Institute of Experimental Immunology, University of Zurich, Zurich, Switzerland.
Roche-Glycart, Schlieren, Switzerland.
Nat Immunol. 2022 Feb;23(2):217-228. doi: 10.1038/s41590-021-01117-7. Epub 2022 Jan 31.

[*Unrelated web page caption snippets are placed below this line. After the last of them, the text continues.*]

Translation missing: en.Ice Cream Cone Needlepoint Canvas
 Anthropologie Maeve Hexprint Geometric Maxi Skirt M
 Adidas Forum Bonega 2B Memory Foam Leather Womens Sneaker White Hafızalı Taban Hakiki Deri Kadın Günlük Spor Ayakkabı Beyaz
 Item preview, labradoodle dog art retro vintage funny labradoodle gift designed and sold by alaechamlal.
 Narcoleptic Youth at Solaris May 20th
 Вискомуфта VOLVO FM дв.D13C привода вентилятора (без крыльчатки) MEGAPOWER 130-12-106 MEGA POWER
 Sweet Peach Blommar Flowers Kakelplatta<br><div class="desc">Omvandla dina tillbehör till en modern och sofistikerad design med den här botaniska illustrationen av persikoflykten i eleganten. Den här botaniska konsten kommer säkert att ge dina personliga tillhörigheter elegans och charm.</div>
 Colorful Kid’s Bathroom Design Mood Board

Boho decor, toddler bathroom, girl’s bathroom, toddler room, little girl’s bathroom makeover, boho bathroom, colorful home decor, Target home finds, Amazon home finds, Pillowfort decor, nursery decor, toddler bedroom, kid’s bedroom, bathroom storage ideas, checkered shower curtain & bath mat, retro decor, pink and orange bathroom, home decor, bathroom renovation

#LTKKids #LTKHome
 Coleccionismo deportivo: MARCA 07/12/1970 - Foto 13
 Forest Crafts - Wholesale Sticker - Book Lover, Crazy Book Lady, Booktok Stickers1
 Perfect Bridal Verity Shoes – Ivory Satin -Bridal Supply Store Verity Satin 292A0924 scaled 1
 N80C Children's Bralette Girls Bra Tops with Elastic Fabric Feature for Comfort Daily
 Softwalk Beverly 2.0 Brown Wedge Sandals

During inflammation, Ly6C monocytes are rapidly mobilized from the bone marrow (BM) and are recruited into inflamed tissues, where they undergo monocyte-to-phagocyte transition (MTPT). The in vivo developmental trajectories of the MTPT and the contribution of individual cytokines to this process remain unclear. Here, we used a murine model of neuroinflammation to investigate how granulocyte-macrophage colony-stimulating factor (GM-CSF) and interferon-γ (IFNγ), two type 1 cytokines, controlled MTPT. Using genetic fate mapping, gene targeting and high-dimensional single-cell multiomics analyses, we found that IFNγ was essential for the gradual acquisition of a mature inflammatory phagocyte phenotype in Ly6C monocytes, while GM-CSF was required to license interleukin-1β (IL-1β) production, phagocytosis and oxidative burst. These results suggest that the proinflammatory cytokine environment guided MTPT trajectories in the inflamed central nervous system (CNS) and indicated that GM-CSF was the most prominent target for the disarming of monocyte progenies during neuroinflammation.
在炎症期间,Ly6C 单核细胞从骨髓 (BM) 中迅速动员,并招募到炎症组织中,在那里它们经历单核细胞向吞噬细胞的转变 (MTPT)。MTPT 的体内发育轨迹以及个别细胞因子对这一过程的贡献尚不清楚。在这里,我们使用神经炎症的小鼠模型来研究粒细胞-巨噬细胞集落刺激因子 (GM-CSF) 和干扰素-γ (IFNγ) 这两种 I 型细胞因子如何控制 MTPT。通过遗传命运图谱、基因靶向和高维单细胞多组学分析,我们发现 IFNγ 对于 Ly6C 单核细胞中逐渐获得成熟的炎症性吞噬细胞表型是必不可少的,而 GM-CSF 则需要许可白细胞介素-1β (IL-1β) 的产生、吞噬作用和氧化爆发。这些结果表明,促炎细胞因子环境指导了炎症性中枢神经系统 (CNS) 中的 MTPT 轨迹,并表明 GM-CSF 是神经炎症期间消除单核细胞后代的最突出靶点。